Italy’s Economy Minister Giovanni Tria has accused Brussels of getting its
sums wrong.

It would be “suicide” to try to reduce the deficit to the previous goal of
0.8 percent of GDP, he has said, insisting “we must get out of the trap of
weak growth”.

The big problem is Italy’s public debt, now a huge 2.3 trillion euros
($2.6 trillion), or 131 percent of Italy’s GDP — way above the 60 percent EU
ceiling.

The fine for refusing to review the budget could correspond to 0.2 percent
of Italy’s GDP — about 3.4 billion euros ($3.8 billion)
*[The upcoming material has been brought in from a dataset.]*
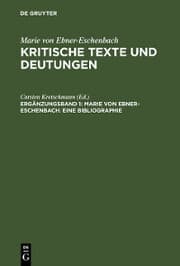 Cover von Marie von Ebner-Eschenbach: Eine Bibliographie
European Economics Commissioner Pierre Moscovici has said he hopes a
compromise can be found to avoid sanctions.

Speaking Tuesday to the European Parliament, German Chancellor Angela
Merkel said the EU wanted to reach out to Italy, a founding member.

“But Italy also adopted the many rules that we now all have in common,”
she added.

– EU ‘First step’ –

The European Commission “will make the first step to move Italy into EDP”
after a debt update expected on November 21, said Lorenzo Codogno, former
chief economist at the Italian Treasury Department.

The country will likely be given three to six months to prepare correction
plans, after which nothing will happen until a new Commission takes up office
at the end of next year following European Parliament elections, he said.

“The true guardians of fiscal discipline will be, as usual, financial
markets,” he said.

All eyes are now on the “spread” — the difference between yields on 10-
year Italian government debt compared with those in Germany — which has more
than doubled since May, when negotiations to form the coalition government in
Rome began.

Uneasy investors have already cost the taxpayer an additional 1.5 billion
euros ($1.7 billion) in interest over the past six months.

A wider fear is that stress in Italy could spread to other European
countries which are only just recovering from the eurozone debt crisis.

“We do not expect a crisis that would lead to a loss of market access,”
said Agnese Ortolani, analyst at The Economist Intelligence Unit.

But the country’s debt and the weakness of its banking sector mean “Italy
would be too large to rescue without massive ECB support in the event of a
large-scale financial crisis,” she said.